Creating identity safety for students is crucial to creating a positive school climate. Without a sense of physical or emotional safety, there is fear. When people are afraid, their logical, thinking brains shut down, and this affects their behavior and interactions with others. For children, this can look like running away, hiding, acting out, yelling, hitting or kicking, crying, and other disruptive behaviors. It also means that learning is not happening.

But what makes a child feel emotionally safe in a classroom? Shirrocky Hollie (Culturally and Linguistically Responsive Teaching and Learning, 2011) suggests that educators consistently and actively validate and affirm their students’ ethnocultural behaviors. This is one step to being culturally and linguistically responsive, but it goes deeper than that. Validating and affirming children’s identities, lived experiences, and ways of being enables children to bring their whole selves to the classroom and create a sense of identity safety for them. Identity safety allows them to develop healthy, complex identities. When children feel confident and supported in who they are, they stay engaged in their learning and have more positive relationships with others, both of which foster positive a school climate.

Given that most school shootings are carried out by white males, we must foster healthy identity development for them as well in order to attend to the complexity of white male privilege and fragility. Healthy identity development for white males means nurturing empathy and emotional safety, breaking down toxic masculinity, and helping them respect and appreciate the ways in which they are different from dominant society norms so that they can respect and appreciate the differences in others.

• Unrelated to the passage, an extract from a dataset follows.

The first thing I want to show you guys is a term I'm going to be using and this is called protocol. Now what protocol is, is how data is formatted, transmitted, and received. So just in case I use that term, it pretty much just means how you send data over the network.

This is the work that AMAZEworks does. Using Anti-Bias Education theory and practices, we work with teachers to create classrooms and school communities of belonging and inclusion where ALL students feel seen, heard, and valued in all of their diverse identities. Our programs help teachers support students so they can develop healthy, complex identities while appreciating and respecting the ways they are different from others. Anti-Bias Education helps to reduce the emotional violence schools can sometimes inflict on children’s identities and sense of selves, thereby also reducing the physical violence children inflict on each other.